Top of SOURCE MATERIAL

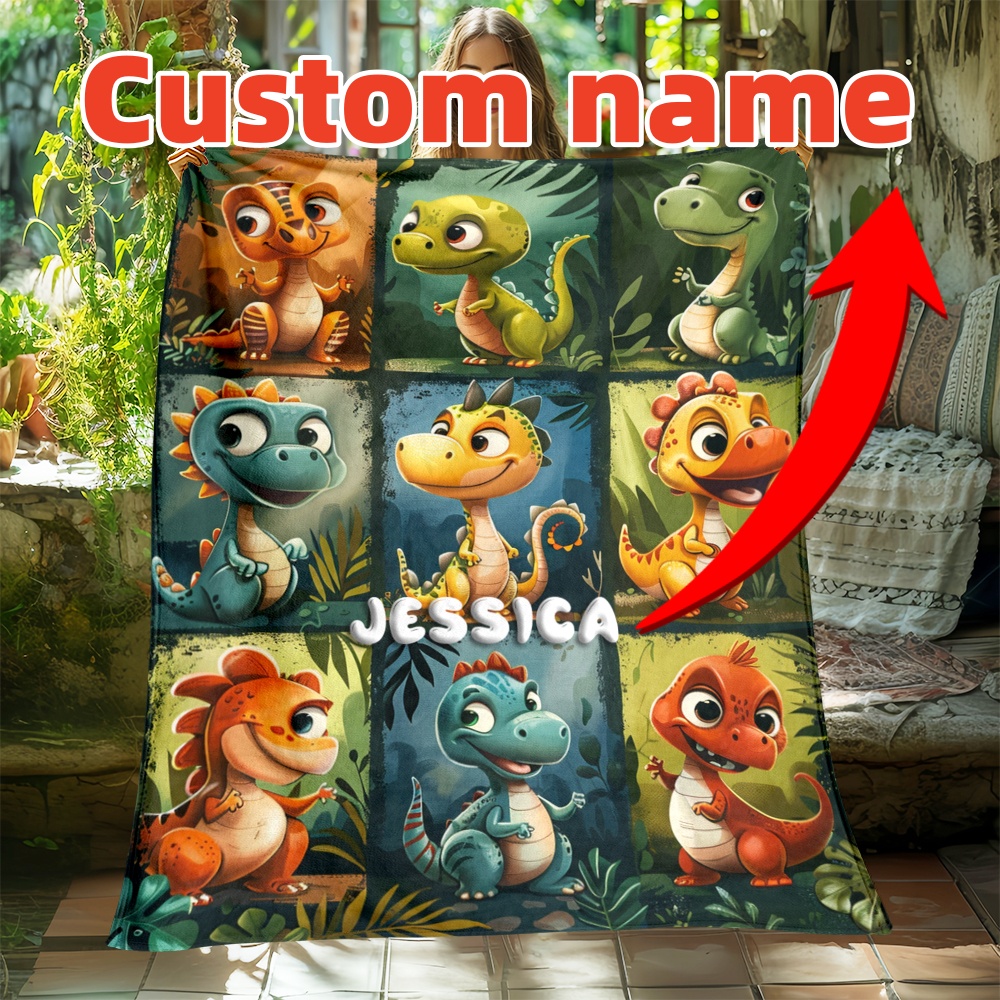 

Custom Name Dinosaur Jigsaw Blanket - Personalized Hd Printed Flannel Throw, Polyester Chunky Knit Lightweight Fleece For Sofa, Bed, Travel, Camping, Office - Machine Washable Warm &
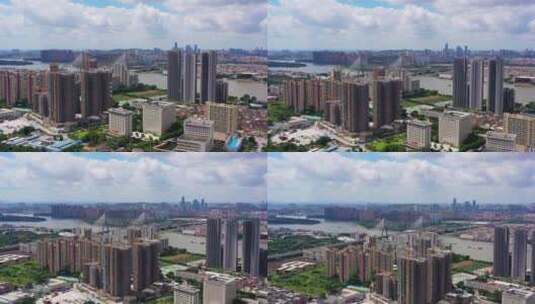 广州番禺大桥蓝天航拍-8高清在线视频素材下载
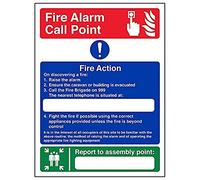 Vsafety 12024AN-R'Caravan Site Fire Action/Assembly Point' Sign, 150 mm x 200 mm (Pack of 3)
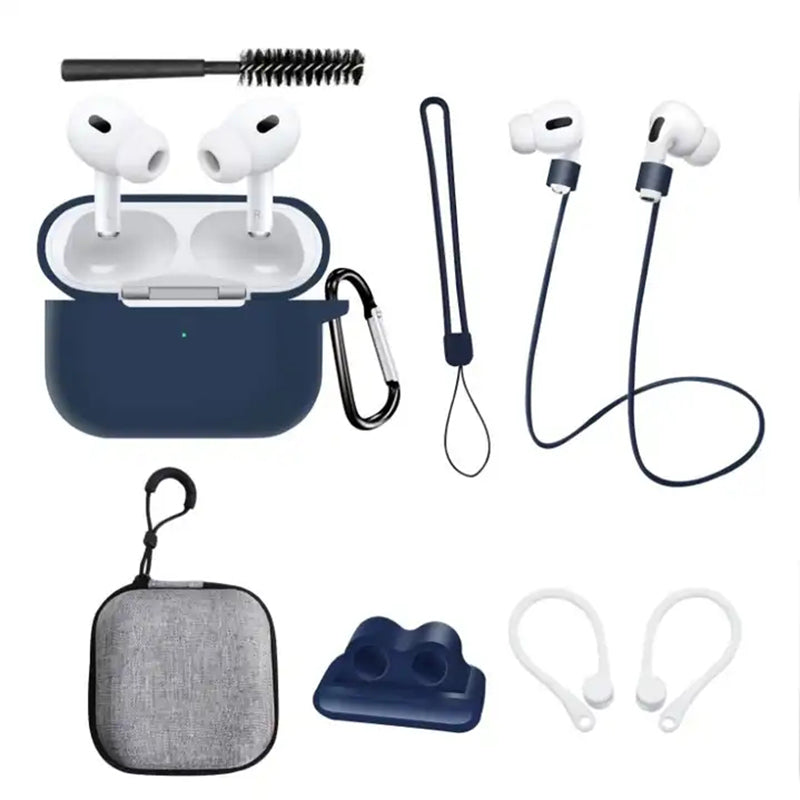 8 in 1 Portable Storage Bag Set for AirPods Pro 2 Silicone Case with Strap / Neck Strap / Cleaning Brush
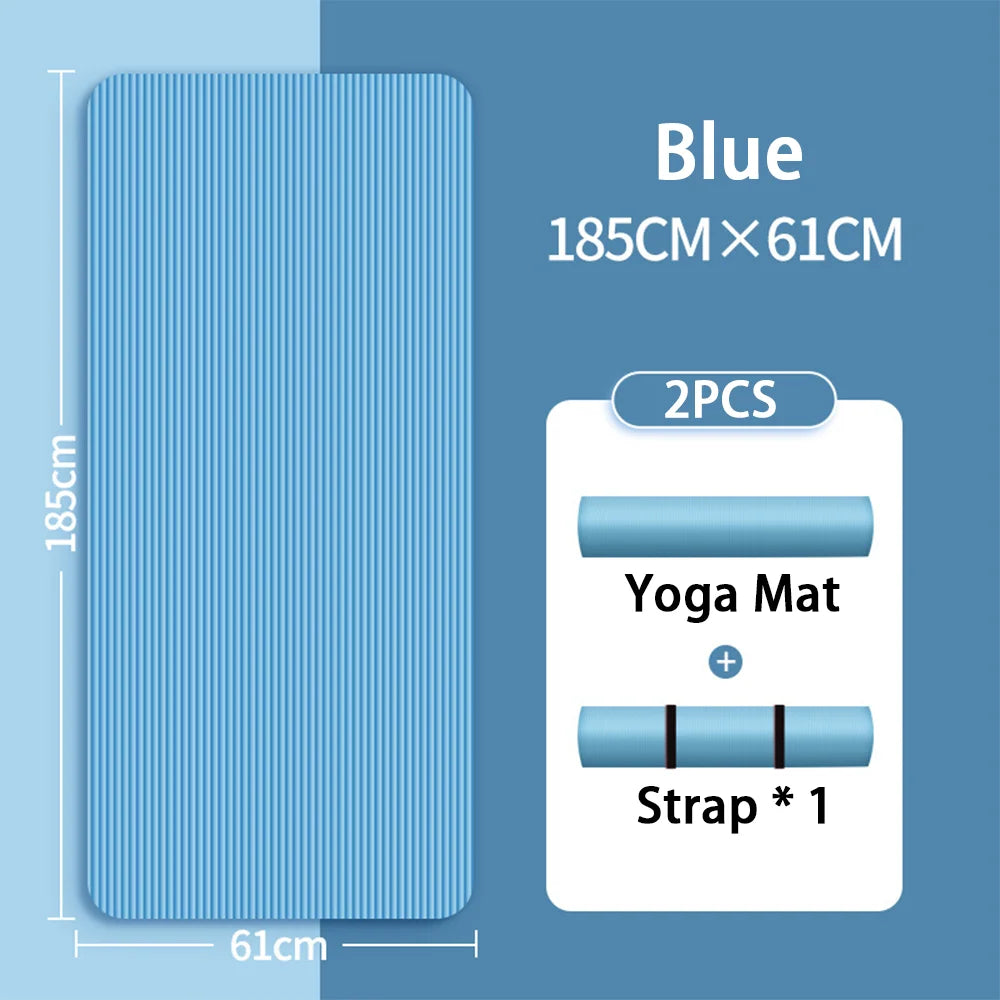 8mm NBR Yoga Mat 185 x 61 cm (72.8 x 24 in) – Anti-Slip Thick Exercise Mat for Beginners, Home Yoga, Pilates & Fitness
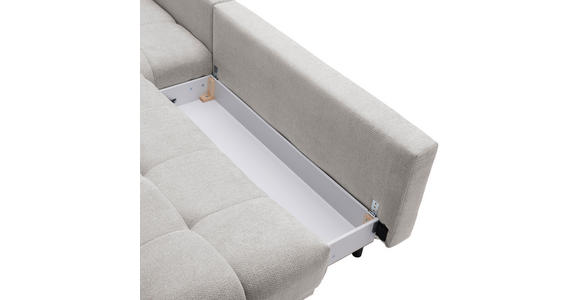 ECKSOFA in Chenille Hellgrau  - Hellgrau/Schwarz, MODERN, Textil/Metall (182/290cm) - Hom`in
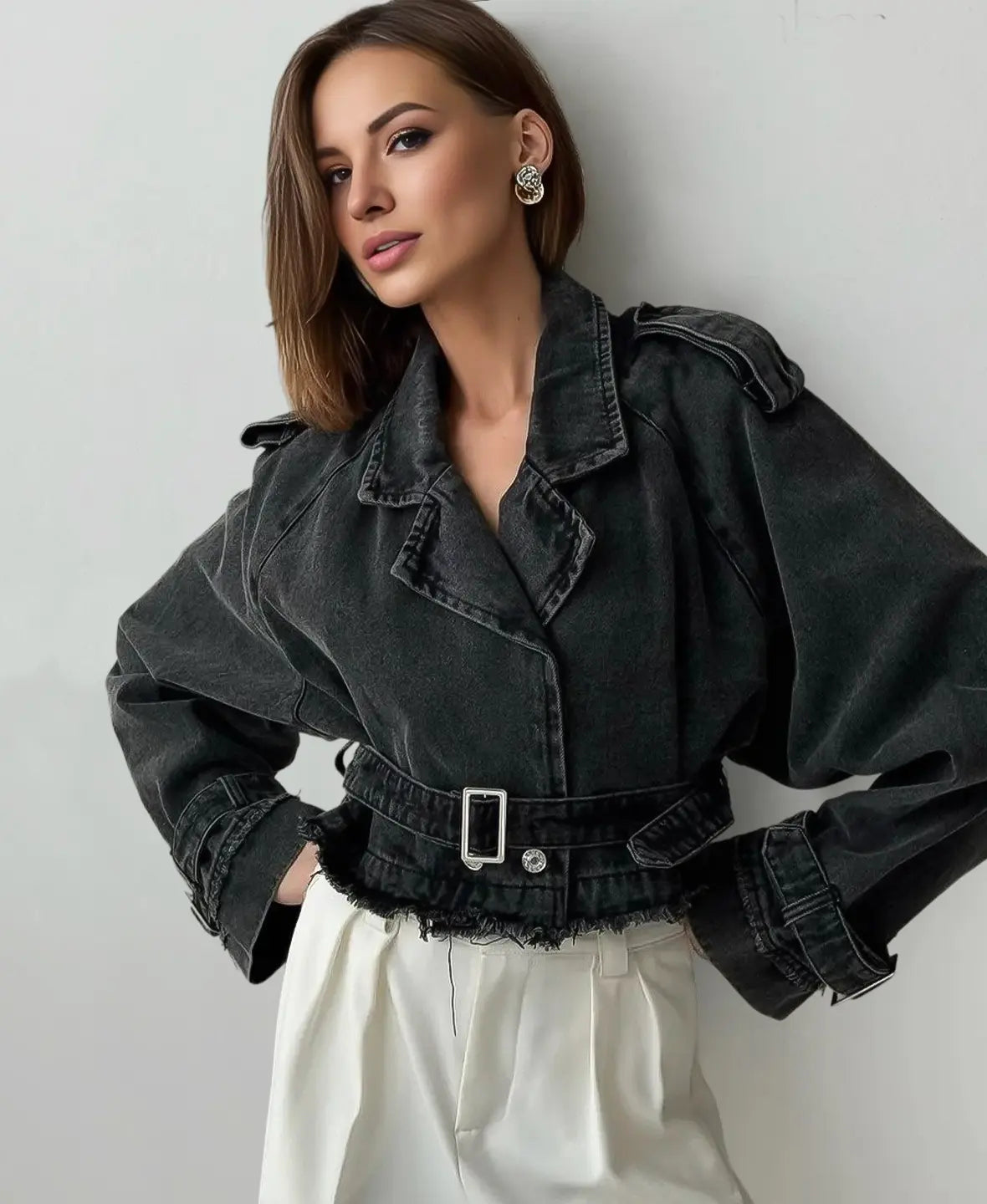 Trench Denim Cropped Jacket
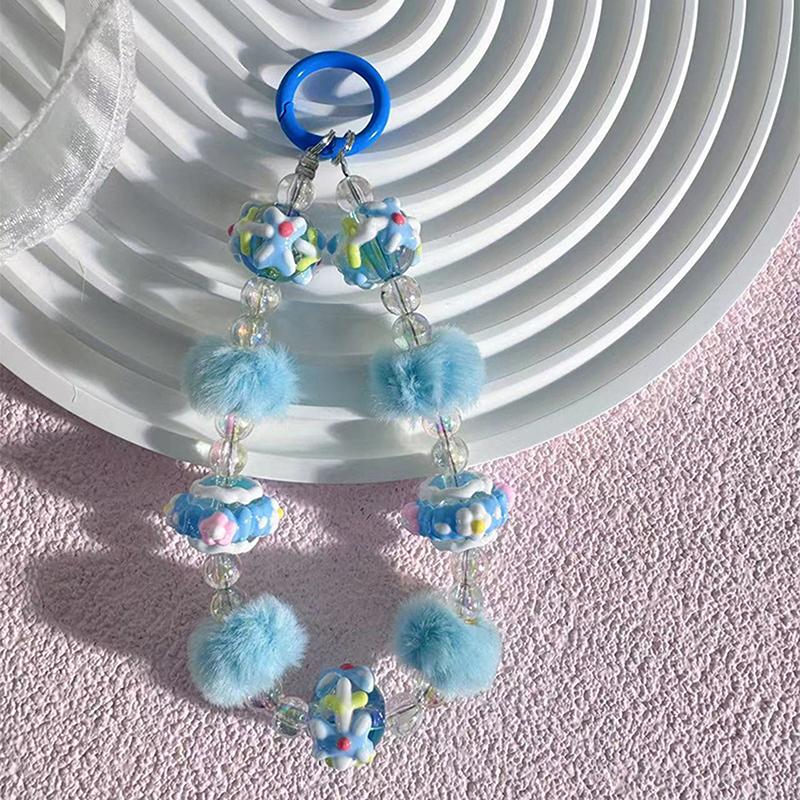 

Плюшевый брелок с бусинами Kawaii Cartoon Plush Phone Remech Remesh Backpack Подвеска Украшения Подарки синий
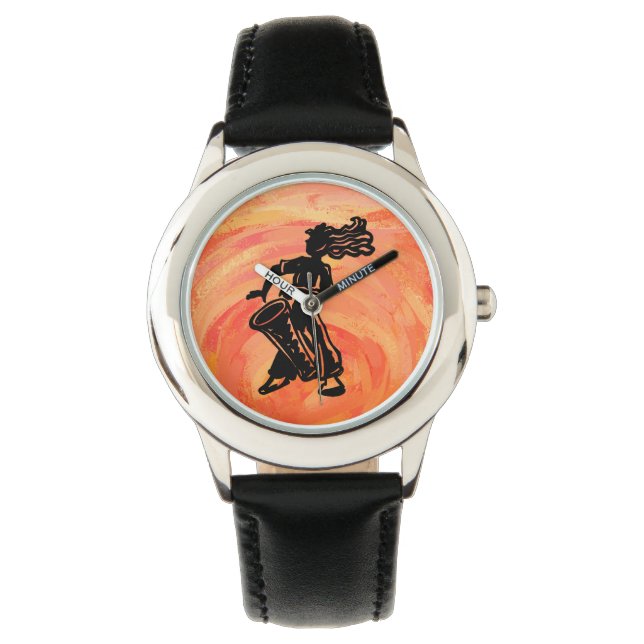 Orangen New York Boogie Nights Drum Armbandsur (Framsida)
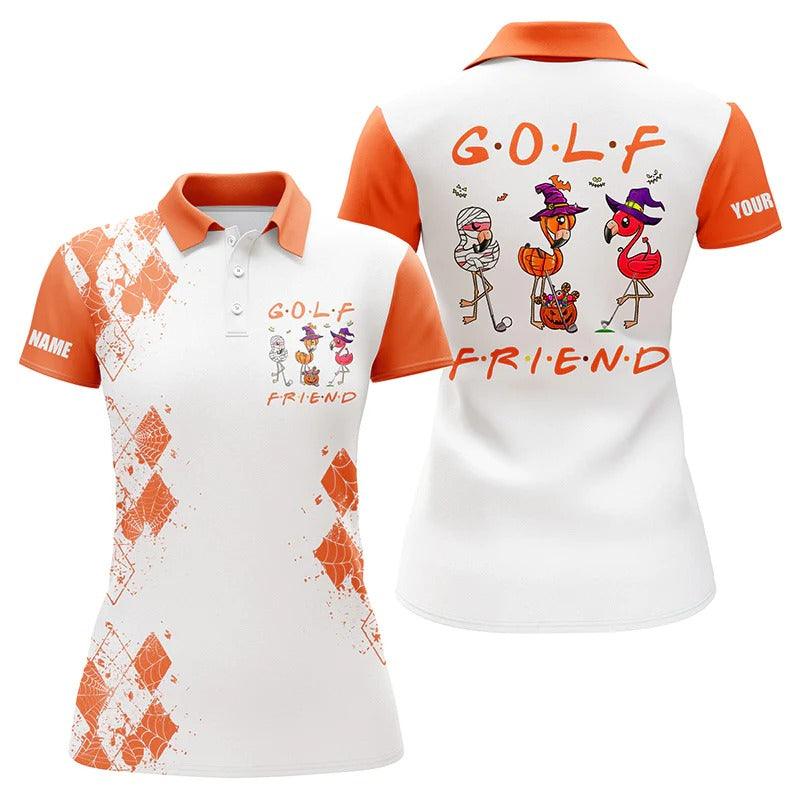 Customized Name Golf Women Polo Shirts, Funny Flamingo Halloween Personalized Name Golf Friends Shirts - Perfect Gift For Ladies, Golfers, Golf Lovers - Image 2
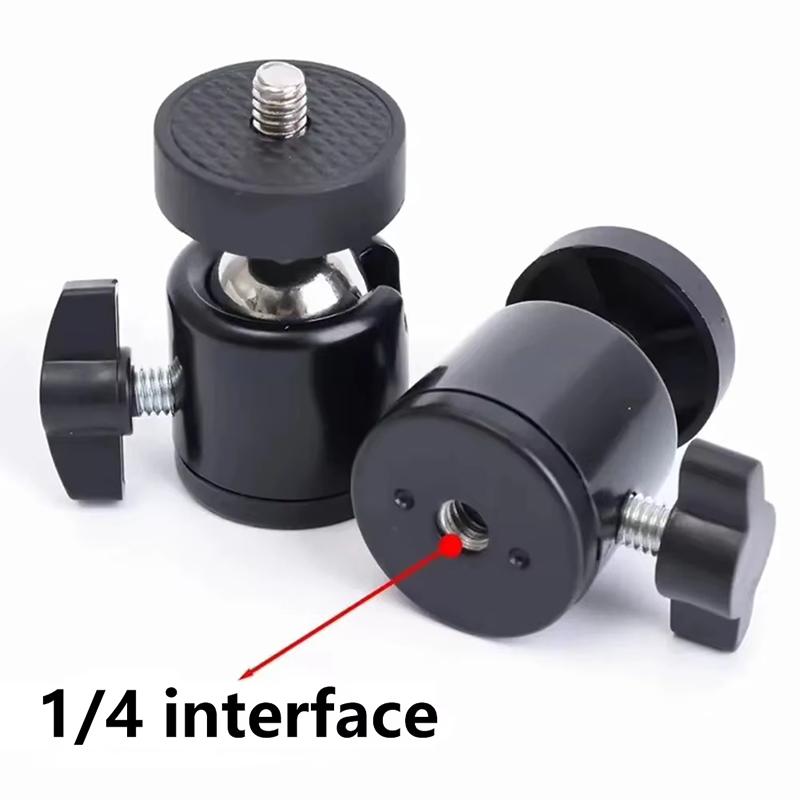 1/4 Mini Ball Head Swivel Screw Tripod Ballhead Phones Stand Monopod Mount Adapter For Cameras Tripods Mount Adapter Acssories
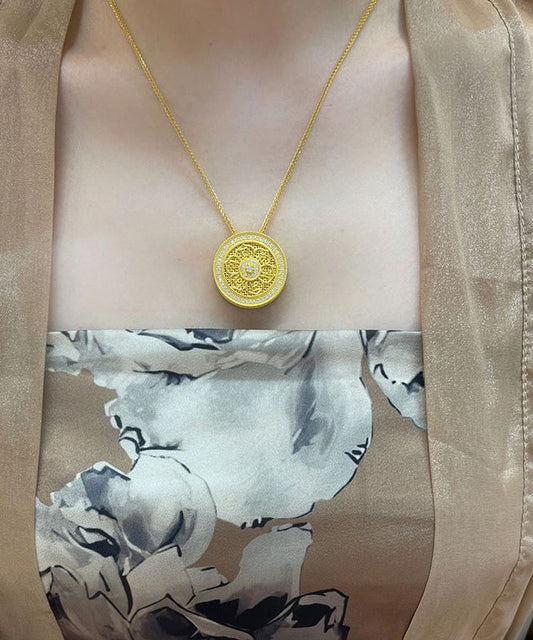 DIY Gold Sterling Silber Overgild Zirkon Runde Anhänger Halskette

Bottom of SOURCE MATERIAL

→ ASSIGNMENT
In the records above, everything from the line with "Vsafety 12024AN-R'Caravan Site" down to the line with "Trench Denim Cropped Jacket" must be duplicated exactly, both lines kept. Leave no pictures in.

→ FINAL ANSWER
 Vsafety 12024AN-R'Caravan Site Fire Action/Assembly Point' Sign, 150 mm x 200 mm (Pack of 3)
 8 in 1 Portable Storage Bag Set for AirPods Pro 2 Silicone Case with Strap / Neck Strap / Cleaning Brush
 8mm NBR Yoga Mat 185 x 61 cm (72.8 x 24 in) – Anti-Slip Thick Exercise Mat for Beginners, Home Yoga, Pilates & Fitness
 ECKSOFA in Chenille Hellgrau  - Hellgrau/Schwarz, MODERN, Textil/Metall (182/290cm) - Hom`in
 Trench Denim Cropped Jacket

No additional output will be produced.